Thursday, September 11, 2008

Be Cool

I feel bad. For months, over a year now, the Obama campaign has been so cool. Suddenly, from Alaska ironically, the cool factor is up in the air. For everyone I believe, besides Matthew McConnaughey, being cool is hard work.


I remember trying to be cool, when all that pressure from the previous school year's annuals where kids signed, "Stay Cool," became more of a chore than a compliment. Middle school is the epoch of this time. I persuaded my grandmother to buy me Puff Daddy and the Family's "No Way Out" CD. I soon discovered it to be edited because we bought it at Walmart, which caused me to miss Busta Rhymes part completely in one song. Rap - cursing = not cool. I was still cool though, or trying, when I convinced my mom to get me a Tommy Hilfiger Logo Tee, the kind where the giant logo covers the entire abdomen and lower chest. When I got home, I put it on and as the shirt dropped past my knees, I realized that maybe this was not me, this was not my cultural fashion. My cultural garb was to be defined by Duck Head shorts and anything from The Gap. Despite my efforts to be desirable, none of the hot girls I liked liked me back. The problem lay in my image as a goody-good, and the bad boys smoking pot on the Double Churches playground after school were much more attractive than a guy destined for a medal in the Science Olympics.
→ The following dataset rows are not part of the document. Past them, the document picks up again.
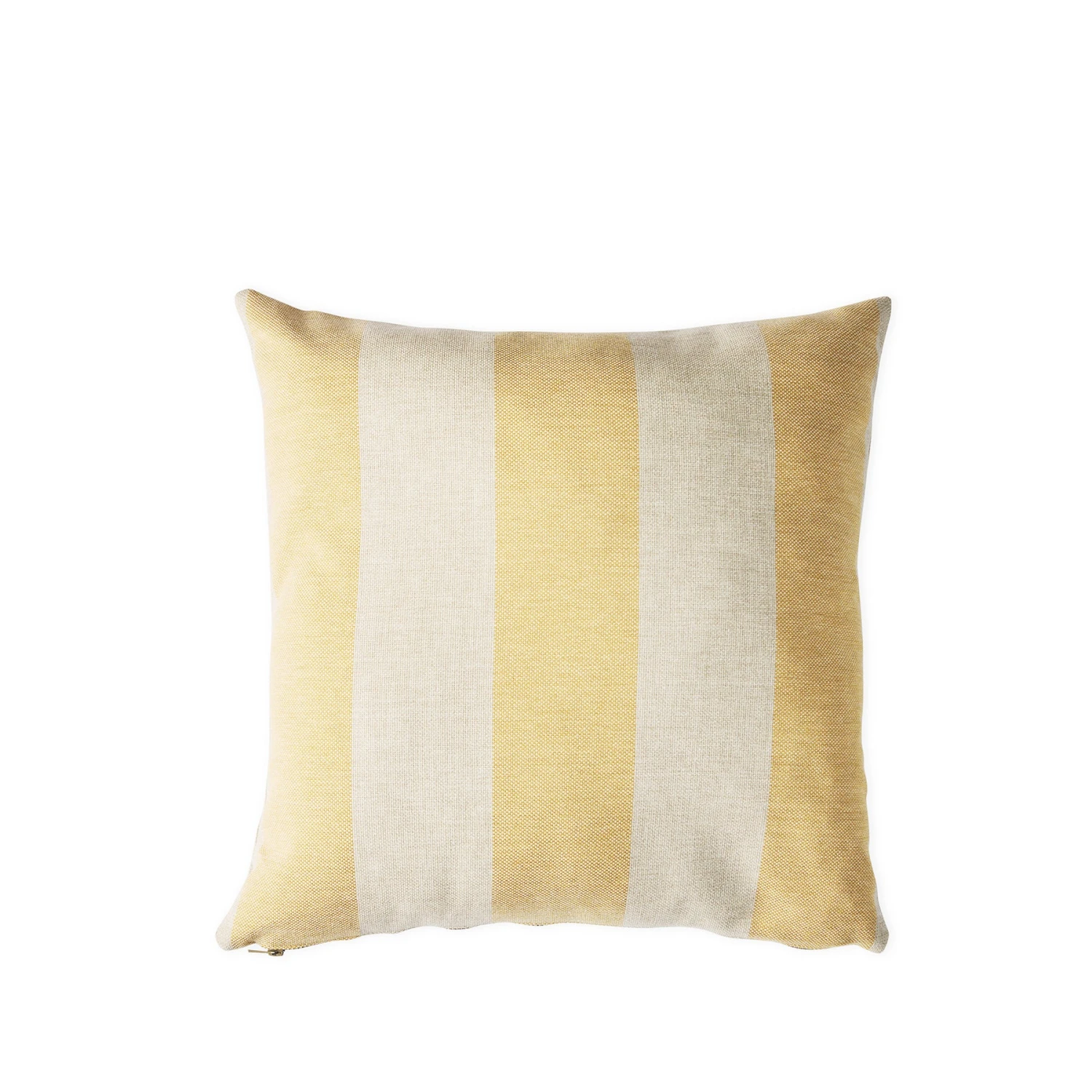 Adelene Simple Cloth Capri Pillow In Yellow 1 Adelene Simple Cloth Capri Pillow In Yellow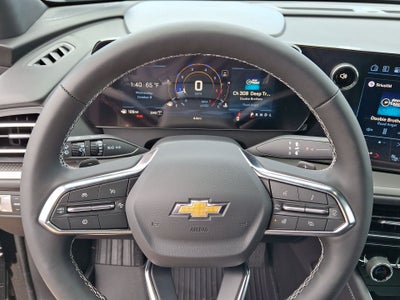 2026 Chevrolet Traverse LT AWD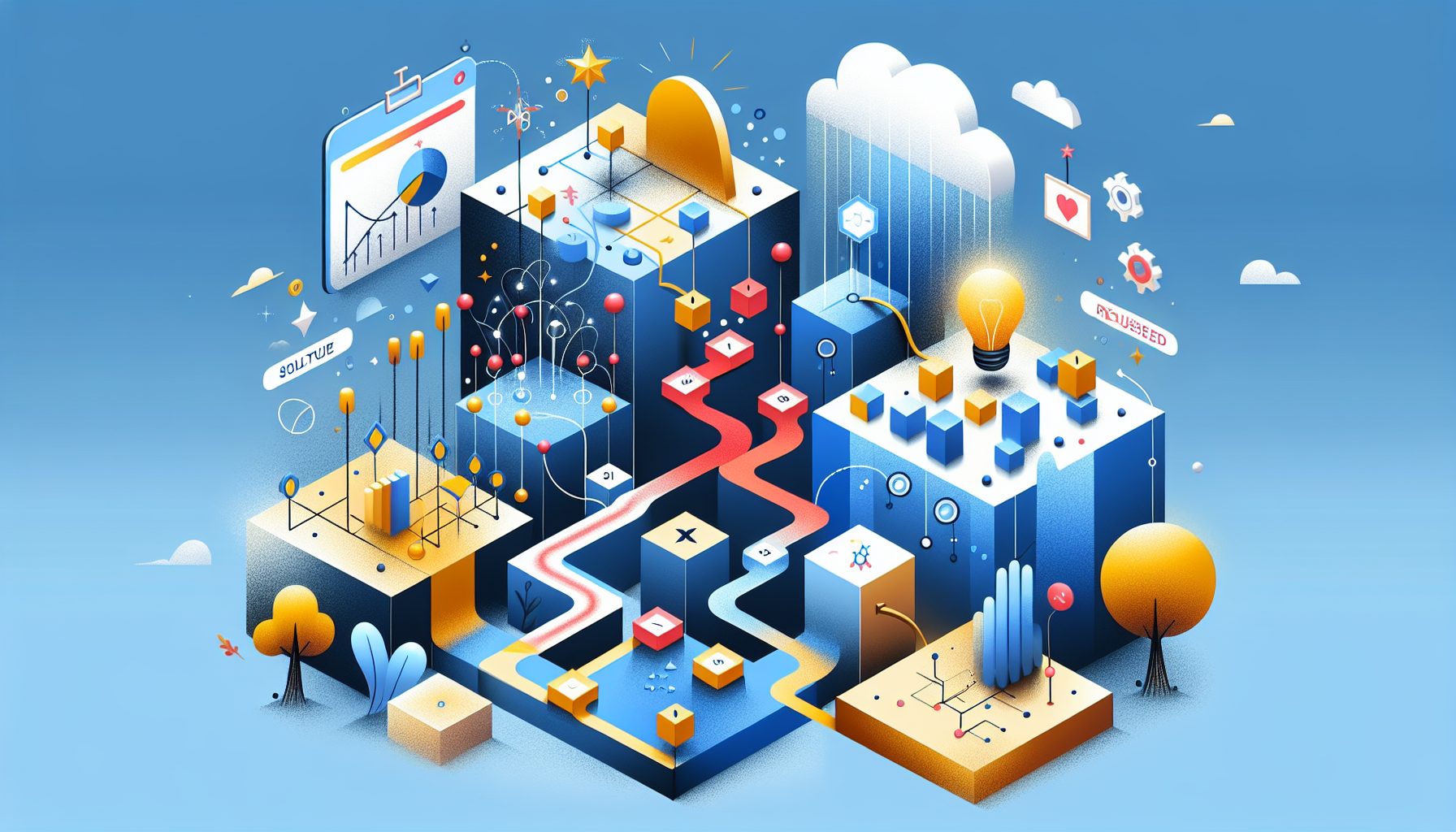 Что такое динамическое программирование и зачем оно нужно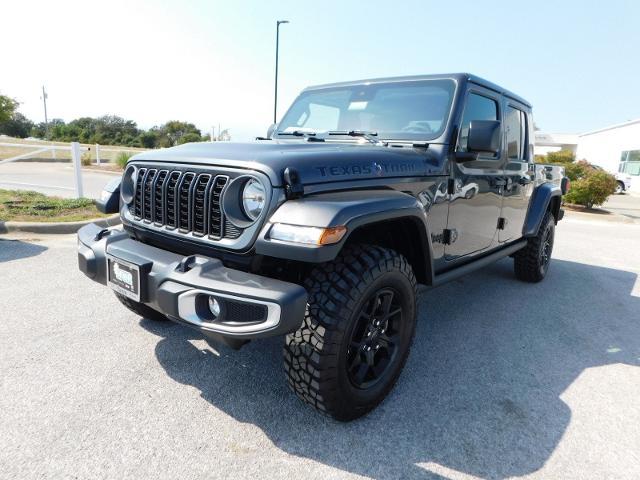 2024 Jeep Gladiator Vehicle Photo in Gatesville, TX 76528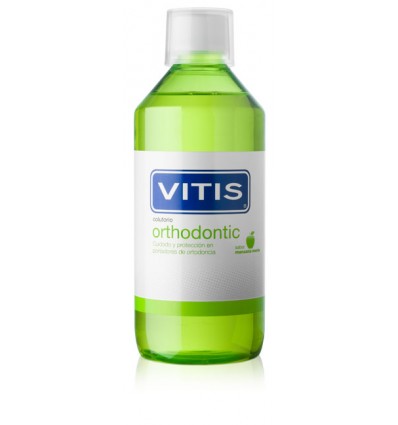 COLUTORIO VITIS ORTHODONTIC 500ml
It is such a struggle to be cool. How much money have I wasted on the idea? When my bride-to-be and I visited DC and New York last summer, we spent our days visiting monuments and museums and the nights taking tequila shots 'til dawn in Georgetown. That last statement is not entirely true. We usually ate dinner early, planned the next day's trip to the Air and Space Museum, and went to sleep by eleven, maybe ten-thirty. At the time, we were only one year removed from undergraduate Greek culture, where drinking on a Tuesday made sense because pitchers of Bud Light cost 2$. Two dollars! Of course, our first jobs after college consisted of teaching high school math in a blink of a town in the Mississippi Delta. As I rounded out sine curves based on the cracks in the sidewalk in DC, she could only laugh and roll her eyes at our combined dorkiness. I shed tears that trip because I thought we were going to miss a tour of the White House. Why am I telling you this?

Because cool doesn't matter. It is a state of mind. No matter what group of people you are surrounded by, they all have a standard of cool. Magic players may believe that your knowledge of Mana makes you the coolest Ajani Goldsmane in the Shadowmoor. Muscles and athletic ability be damned, tell them about your epic battles in Lorwyn. I may have no idea what that means, but you, the reader, might. And so it goes.

Current standards of cool may look like this:
1. iPhone - What, you don't own one?
2. Obama supporter - He has an iPhone, duh.
3. Hair product - Doubles as self-defense if spiked.
4. Hybrid - Oh, those environmentally-conscious bastards. More on this later.

Notice I did not put blogging on the list for obvious reasons.
It is too much hard work and too much money to be cool. When I was out west this summer touring the Grand Tetons and Yellowstone with a good friend, I looked around at all the families, America if you will, enjoying their vacation. As I stroked my day old moustache and counted rat tails, fanny packs, and smiles, I thought, "Man, cool is overrated."